::: The data
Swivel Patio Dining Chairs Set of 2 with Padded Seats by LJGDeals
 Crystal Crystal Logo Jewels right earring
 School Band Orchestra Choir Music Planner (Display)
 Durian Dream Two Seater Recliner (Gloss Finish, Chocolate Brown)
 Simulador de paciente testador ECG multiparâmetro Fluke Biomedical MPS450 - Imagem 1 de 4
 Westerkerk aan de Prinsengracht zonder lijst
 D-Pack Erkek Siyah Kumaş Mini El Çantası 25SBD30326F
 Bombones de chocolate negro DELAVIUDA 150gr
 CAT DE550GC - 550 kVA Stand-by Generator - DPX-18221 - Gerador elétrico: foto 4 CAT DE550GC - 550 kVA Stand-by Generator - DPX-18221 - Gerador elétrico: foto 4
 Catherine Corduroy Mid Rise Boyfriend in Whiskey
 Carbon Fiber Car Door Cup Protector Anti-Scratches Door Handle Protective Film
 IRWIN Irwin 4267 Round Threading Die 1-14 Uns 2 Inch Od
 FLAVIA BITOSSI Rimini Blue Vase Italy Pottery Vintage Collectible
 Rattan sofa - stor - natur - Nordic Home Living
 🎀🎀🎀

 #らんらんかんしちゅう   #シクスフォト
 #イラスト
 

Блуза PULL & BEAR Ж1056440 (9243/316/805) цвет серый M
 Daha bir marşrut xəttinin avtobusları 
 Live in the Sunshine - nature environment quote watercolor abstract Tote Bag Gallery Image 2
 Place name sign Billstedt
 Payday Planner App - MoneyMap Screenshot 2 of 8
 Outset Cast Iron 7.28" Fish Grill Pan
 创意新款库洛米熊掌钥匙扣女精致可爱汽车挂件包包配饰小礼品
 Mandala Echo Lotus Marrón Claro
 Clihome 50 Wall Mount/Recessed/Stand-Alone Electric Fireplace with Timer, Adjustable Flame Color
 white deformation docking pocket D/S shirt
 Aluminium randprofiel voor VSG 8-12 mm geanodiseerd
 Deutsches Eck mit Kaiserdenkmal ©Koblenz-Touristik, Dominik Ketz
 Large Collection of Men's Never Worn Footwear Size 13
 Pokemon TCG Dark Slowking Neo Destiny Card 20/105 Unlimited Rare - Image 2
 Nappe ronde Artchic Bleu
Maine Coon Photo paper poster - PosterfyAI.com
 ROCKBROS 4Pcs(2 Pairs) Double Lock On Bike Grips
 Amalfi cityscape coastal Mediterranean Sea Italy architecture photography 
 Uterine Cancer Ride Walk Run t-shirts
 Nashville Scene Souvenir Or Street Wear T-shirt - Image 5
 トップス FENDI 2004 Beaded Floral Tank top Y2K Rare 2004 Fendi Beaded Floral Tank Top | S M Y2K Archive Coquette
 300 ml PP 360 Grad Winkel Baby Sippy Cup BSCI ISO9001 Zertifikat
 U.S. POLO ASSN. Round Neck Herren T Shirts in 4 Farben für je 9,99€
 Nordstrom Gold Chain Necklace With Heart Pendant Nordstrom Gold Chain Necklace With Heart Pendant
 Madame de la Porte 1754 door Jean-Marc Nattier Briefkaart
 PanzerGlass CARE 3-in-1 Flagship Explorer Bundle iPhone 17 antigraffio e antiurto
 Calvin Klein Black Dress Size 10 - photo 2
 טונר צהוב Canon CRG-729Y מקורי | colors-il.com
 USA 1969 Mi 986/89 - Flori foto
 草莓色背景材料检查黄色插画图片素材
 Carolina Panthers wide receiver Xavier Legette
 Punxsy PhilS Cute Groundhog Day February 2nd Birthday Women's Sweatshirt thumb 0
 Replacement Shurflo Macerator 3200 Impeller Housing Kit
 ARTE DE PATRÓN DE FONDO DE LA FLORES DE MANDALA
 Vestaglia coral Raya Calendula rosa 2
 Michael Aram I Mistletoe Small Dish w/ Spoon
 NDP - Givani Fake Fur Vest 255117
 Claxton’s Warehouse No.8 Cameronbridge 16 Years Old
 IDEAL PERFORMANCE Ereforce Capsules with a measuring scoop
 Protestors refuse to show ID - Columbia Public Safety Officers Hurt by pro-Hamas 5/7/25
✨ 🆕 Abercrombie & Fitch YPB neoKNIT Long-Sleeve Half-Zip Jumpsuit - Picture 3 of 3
::::::
## What is being asked
Look through the entries for lines containing the word "Planner" and return each one.

## Task response
 School Band Orchestra Choir Music Planner (Display)
 Payday Planner App - MoneyMap Screenshot 2 of 8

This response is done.